The Problem of Pleasure

Philip Yancey, Soul Survivor: How My Faith Survived the Church:

In addition to the problem of pain, G.K. Chesterton seemed equally fascinated with its opposite, the problem of pleasure. He found materialism too thin to account for the sense of wonder and delight that gives an almost magical dimension to such basic human acts as sex, childbirth, play, and artistic creation.

Why is sex fun? Reproduction surely does not require pleasure: some animals simply split in half to reproduce, and even humans use methods of artificial insemination that involve no pleasure. Why is eating enjoyable? Plants and the lower animals obtain their quota of nutrients without the luxury of taste buds. Why are there colors? Some people get along just fine without the ability to see color. Why complicate vision for all the rest of us?

It struck me, after reading my umpteenth book on the problem of pain, that I have never even seen a book on “the problem of pleasure.” Nor have I met a philosopher who goes around shaking his or her head in perplexity over the question of why we experience pleasure.

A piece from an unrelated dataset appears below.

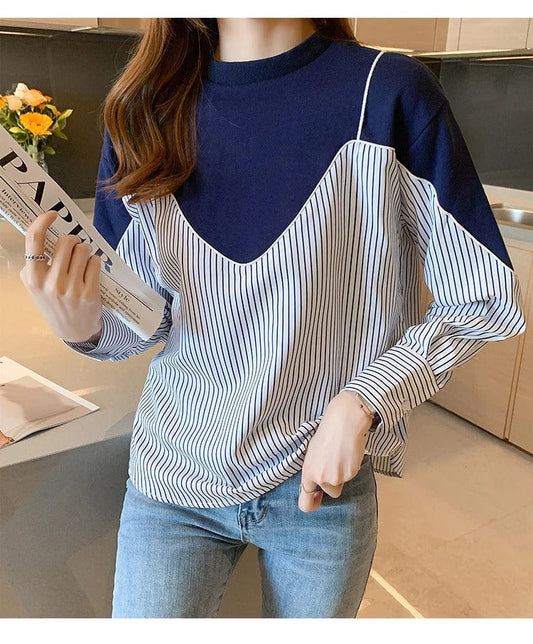 MW | Sweatshirts mit modischem gestreiftem Druck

Yet it looms as a huge question: the philosophical equivalent, for atheists, to the the problem of pain for Christians. On the issue of pleasure, Christians can breathe easier. A good and loving God would naturally want his creatures to experience delight, joy, and personal fulfillment. Christians start from that assumption and then look for ways to explain the origin of suffering. But should not atheists have an equal obligation to explain the origin of pleasure in a world of randomness and meaninglessness?

I’m not quite sure why this particular passage came to mind this morning like it did, especially considering our present circumstances (more on those soon, hopefully), but it did and so there you have it.